REFLECTIONS ON FILM CULTURE

DAILY | Cannes 2012 | Jacques Audiard’s RUST AND BONE

“What could have been simply bizarre, sentimental or contrived here becomes an utterly absorbing love story,” begins the Guardian‘s Peter Bradshaw. “Rust and Bone is a tale of a miraculous friendship which evolves into an enthralling and moving romance, wonderfully acted by Marion Cotillard and Matthias Schoenaerts. Jacques Audiard directs, and his screenplay, co-written with Thomas Bidegain, is freely adapted from characters in the short story collection of the same title, by the American author Craig Davidson. This is early days in the festival, but Rust and Bone has to be a real contender for prizes, and, the odds will be shortening to vanishing point for Cotillard getting the best actress award.”

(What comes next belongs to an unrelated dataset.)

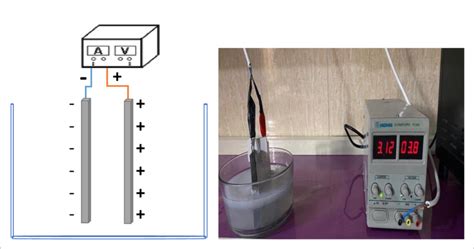Image result for Methode EC3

“Ali (Matthias Schoenaerts), a muscular bouncer who moonlights as a street fighter, shows up in the north of France at his sister’s place, having abandoned a former flame with a five-year-old son he only knows in passing,” explains indieWIRE‘s Eric Kohn. “Over the course of his work at a local nightclub, he meets the buoyant Stephanie (Marion Cotillard), an agile party woman stuck in a deteriorating relationship. After giving her a ride home, the two part ways, and then naturally find a way back to each other: Stephanie works at a local ocean theme park with trained orca whales, one of whom goes rogue in the middle of a show. The ensuing accident causes her to lose her legs and everything stable about her life; in a state of desperation, she calls Ali and the soft-spoken drifter quickly responds. Their ensuing relationship, an on-again, off-again affair that finds them both attempting to improve each other’s messy lives, sustains Rust and Bone even as its plot ambles along without many significant developments until its closing scenes.”

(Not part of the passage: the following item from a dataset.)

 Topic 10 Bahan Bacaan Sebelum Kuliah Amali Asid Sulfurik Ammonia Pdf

“Following on the acclaim of Bullhead, Schoenarts may find his breakthrough here, with comparisons to Tom Hardy to come,” predicts the Playlist‘s Kevin Jagernauth. “He’s similarly a commanding physical presence, but he’s the rare breed with acting chops to spare, finding the vulnerability beneath his character’s exterior which helps us understand him, even when he’s at his selfish worst. As for Cotillard, she’s predictably fantastic, again showing why she’s one of the best actors of her generation.”

Rust and Bone

For Cineuropa‘s Fabien Lemercier, Rust and Bone is a “masterly work in which the film director manages to express his immense talent in two spheres with very complex alchemy, melodrama and social film noir.” The Hollywood Reporter‘s Todd McCarthy finds that “Audiard’s visual and dramatic approach is glancing, deliberately fragmented, marked by harsh contrasts between bright, bleached-out light and forbidding darkness.” For the Telegraph‘s David Gritten, Rust and Bone is “a complex, assured, demanding work.”

Anne Thompson stresses that it’s “unsentimental—despite a sweet Alexander Desplat score—and while Audiard says he tried to keep the violence to a minimum, he can’t help but assault us with blood and flying teeth.” HitFix‘s Drew McWeeny “first tuned into his work with Read My Lips in 2001. The Beat That My Heart Skipped came next, and for many people, A Prophet was the moment they realized just how strong a clear a voice he has as a filmmaker.” Rust and Bone is “something much richer, more prickly, and more deeply felt than I expected, and I am once again convinced that Audiard is a major voice, an artist of note, and a gifted humanist filmmaker.” FirstShowing‘s Alex Billington: “There’s just something about the way Jacques Audiard tells stories, and crafts characters, that is fresh and invigorating to watch.”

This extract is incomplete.